Identification of significant residues for homoallylic substrate binding of Micrococcus luteus B-P 26 undecaprenyl diphosphate synthase

The primary structure of cis-prenyltransferase is totally different from those of trans-prenyltransferases (Shimizu, N., Koyama, T., and Ogura, H. (1998) J. Biol. Chem. 272, 19476-19481). To better understand the molecular mechanism of enzymatic cis-prenyl chain elongation, we selected seven charged residues in the conserved Region V and two of Phe-Ser motif in Region III of undecaprenyl diphosphate synthase of Micrococcus luteus B-P 26 for substitutions by site-directed mutagenesis and examined their effects on substrate binding and catalysis. Kinetic studies indicated that replacements of Arg-197 or Arg-203 with Ser, and Glu-216 with Gln resulted in 7-11-fold increases of K-m values for isopentenyl diphosphate and 18-1200-fold decreases of k(cat) values compared with those of the wild-type enzyme.

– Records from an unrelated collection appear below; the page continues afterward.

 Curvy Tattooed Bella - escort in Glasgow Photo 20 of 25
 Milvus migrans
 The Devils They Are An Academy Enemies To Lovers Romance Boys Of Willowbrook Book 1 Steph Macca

In addition, two mutants with respect to the Phe-Ser motif in Region III, F73A and S74A, showed 16-32-fold larger K-m values for isopentenyl diphosphate and 12-16-fold lower k(cat) values than those of the wild-type. Furthermore, product analysis indicated that three mutants, F73A, S74A, and E216Q, yielded shorter chain prenyl diphosphates as their main products. These facts together with the protein structural analysis recently carried out (Fujihashi, M., Zhang, Y.-W., Higuchi, Y., Li, X.-Y., Koyama, T., and Miki, K. (2001) Proc. Nad. Acad. Sci. U.S.A. 98, 4337-4342) indicated that the diphosphate moiety of homoallylic substrate is electrostatically recognized by the three charged amino acids, Arg-197, Arg-203, and Glu-216, in Region V and the Phe-Ser motif in Region III, also indispensable for homoallylic substrate binding as well as catalytic function. It was suggested that the undecaprenyl diphosphate synthase takes a different mode for the binding of isopentenyl diphosphate from that of trans-prenyl chain elongating enzymes.